Crime victims may be very reluctant to come forward if they happen to lack citizenship and a valid visa for being in the United States. Coming forward and cooperating with authorities may cause you to be deported. Keeping quite, or even continuing to endure violence (as in domestic violence situations) may be the preferred choice (especially where children may become separated from their parents as a result). Does it make sense to give such crime victims who cooperate with prosecutors a visa to let them stay here lawfully? It certainly seems to be humane and rational, but the federal law that authorized such visas (just now forthcoming according to an article by Anna Gorman in the LA Times) is also a text book example of governing through crime.
In Governing through Crime, chapter 3, I argue that crime victims have become the idealized citizen subjects of our time, literally the model subject through which government imagines the needs of the governed. Here the identity as crime victim literally establishes a citizen (or at least the possibility of gaining citizenship). Moreover, it is only those victimized non-citizens who act out the required role of cooperating with prosecutors who fulfill this idealized picture of the victim (many real victims do not cooperate for complex reasons).

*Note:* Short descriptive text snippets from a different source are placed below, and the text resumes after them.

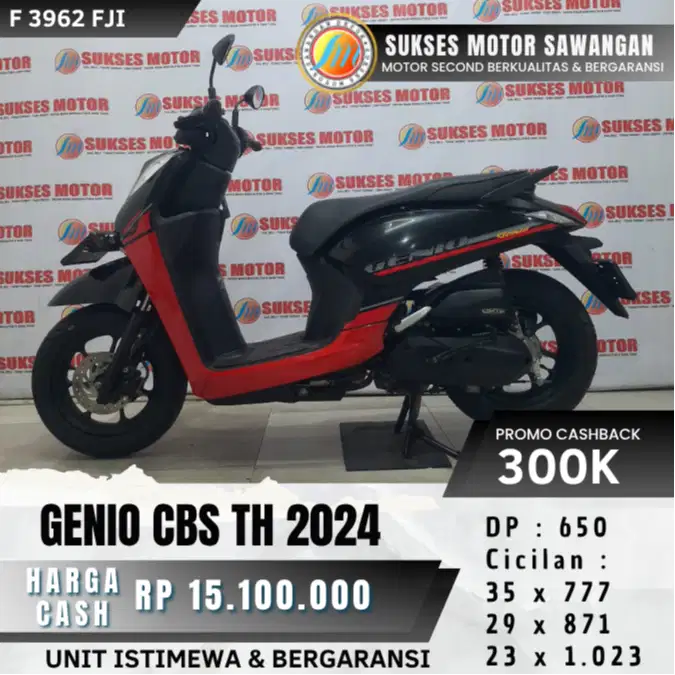 CASH KREDIT HONDA GENIO CBS TH 2024 DP 650 UNIT MULUS BERGARANSI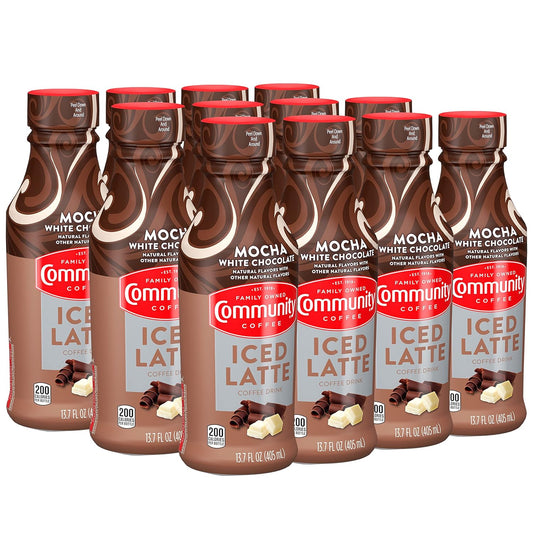 Community Coffee Iced Latte Mocha White Chocolate Drink Review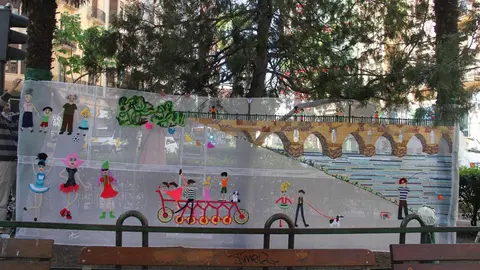 Intervención artística de la asociación de vecinos de Tres Cruces_8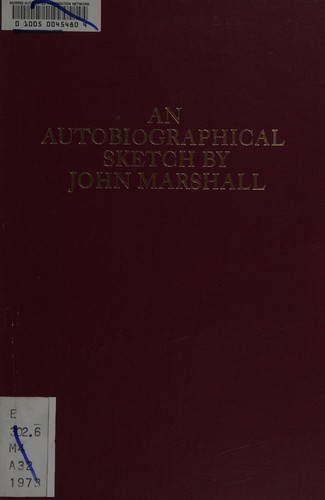 Cover for An autobiographical sketch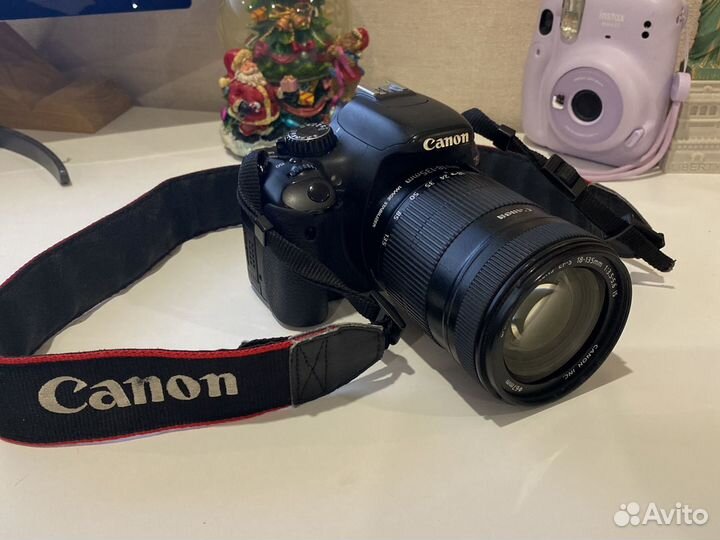 Зеркальный фотоаппарат Canon 550D 18-135 mm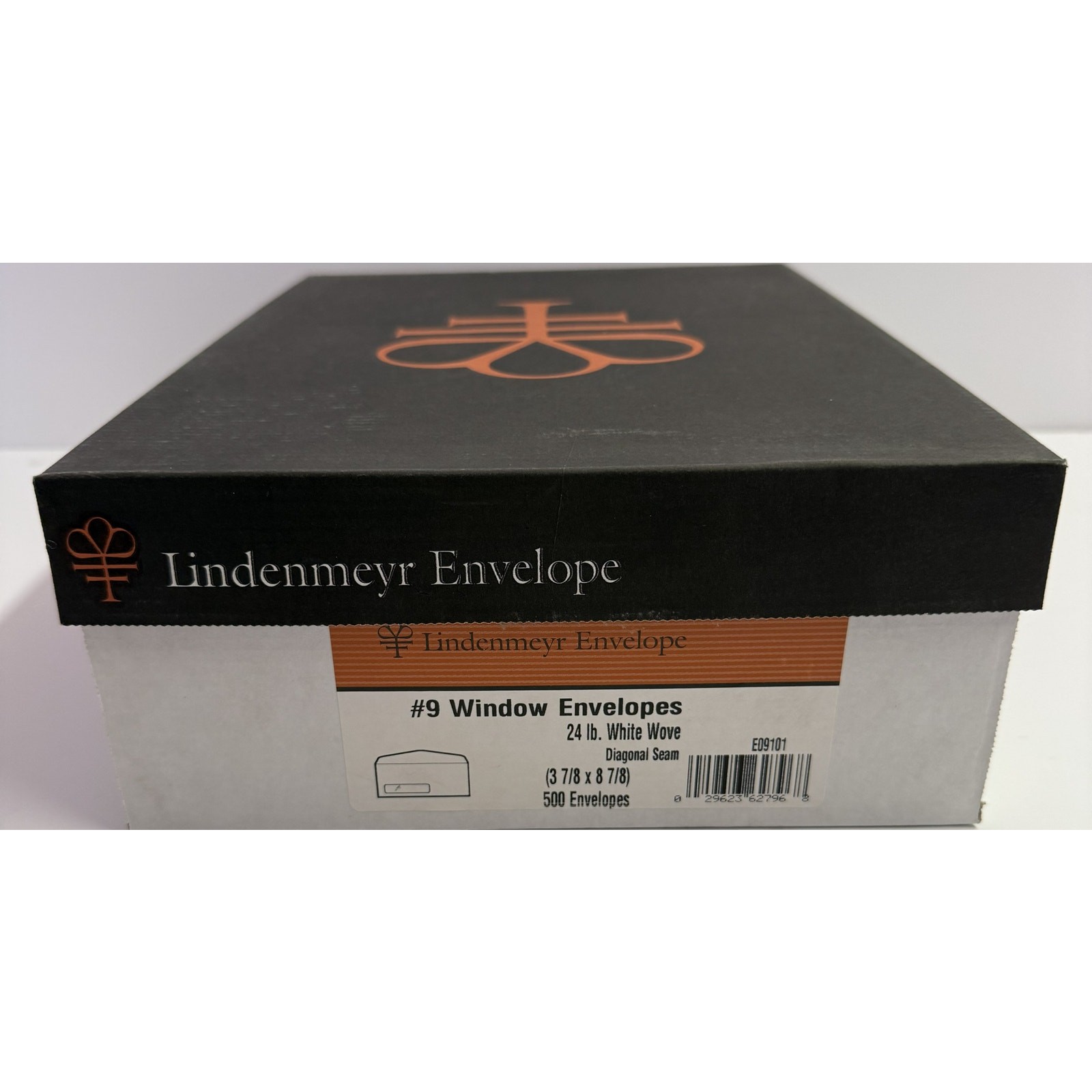 Lindenmeyr #9 Window Envelopes 24lb White Wove Commercial 500/Box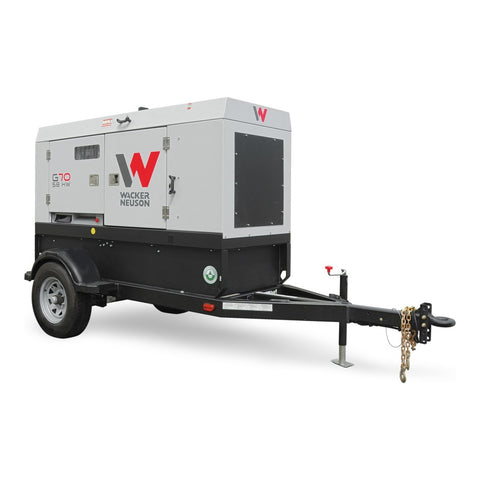 Wacker Neuson G70 Generator Trailer - Power - Part Number 5100044760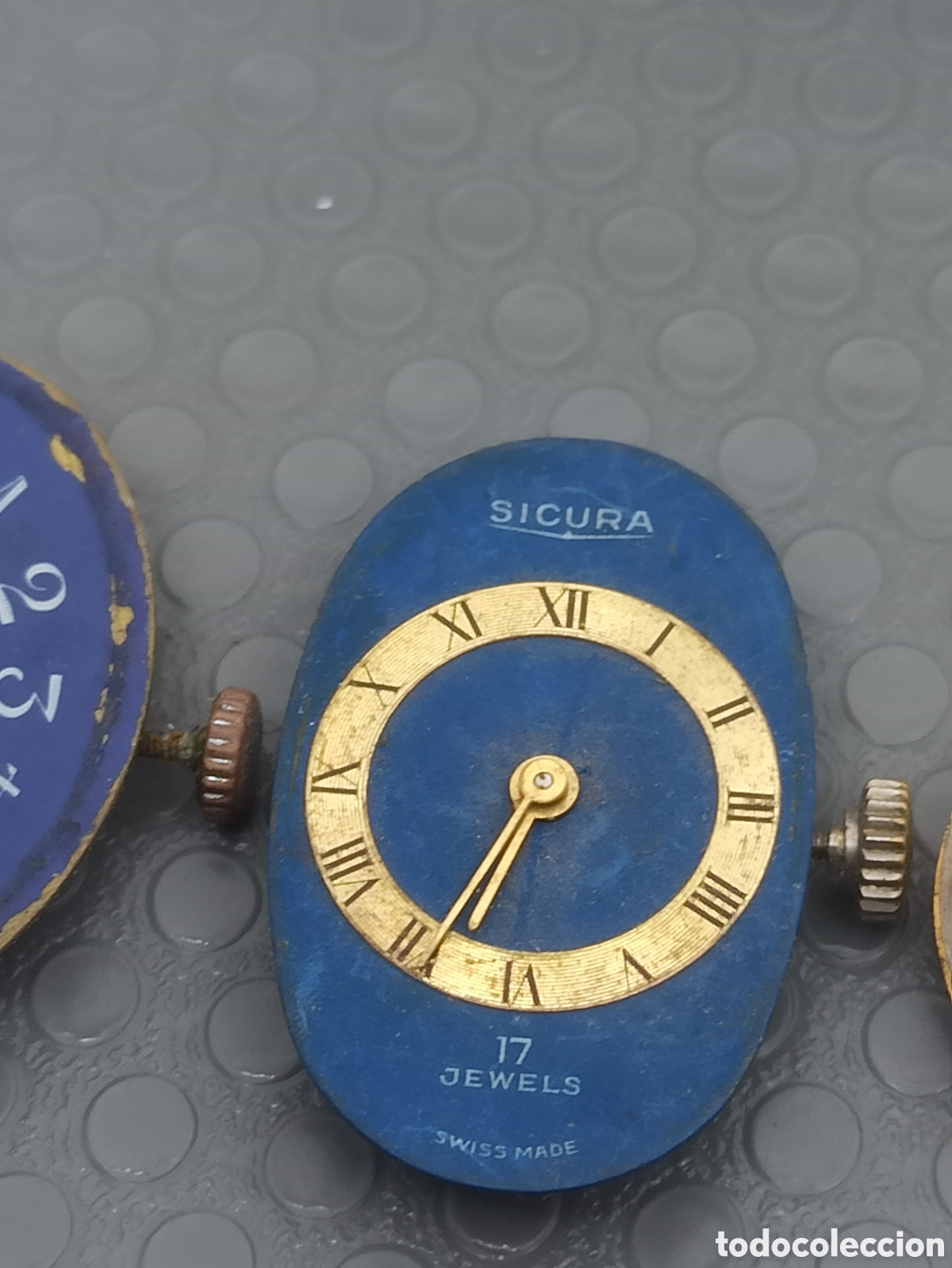 Recambios de relojes: Lote de 4 mecanismos+esferas - Foto 3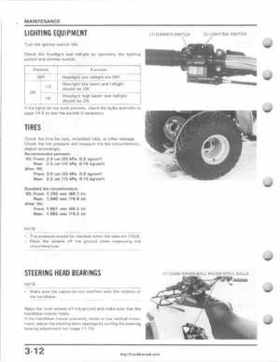 1985-1987 Honda TRX 250 Fourtrax 250 Service Manual, Page 33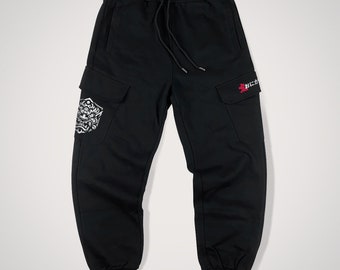 Onigawara - 100% cotton flap pocket pants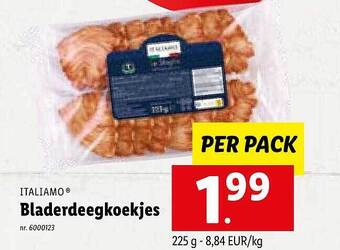 Lidl Italiamo bladerdeegkoekjes aanbieding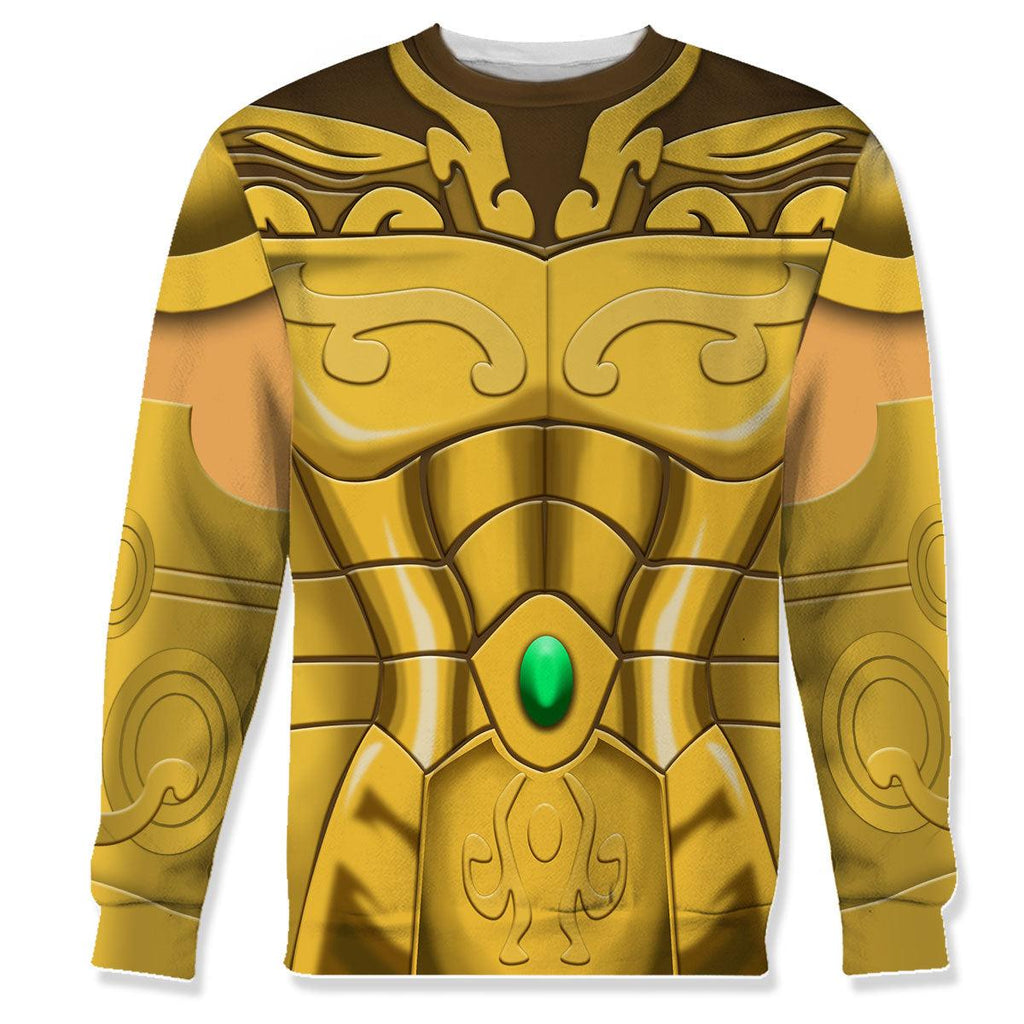 CustomsPig Leo Aiolia Saint Seiya Costume Hoodie Sweatshirt T-Shirt Tracksuit - DucG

Protection for non-citizens without valid visas against sudden and arbitrary removal from the United States (and mandatory detention until removal) is badly needed. If such individuals are removed it should be after individual assessment of their case, including the protection of their human rights both in their native country and in the impact their removal will have on people here, e.g., their US born children. Carving out a special status for crime victims only reveals our ongoing obsession with crime and our demand that crime victims assume a certain kind of identity, one linked to the state's power to punish.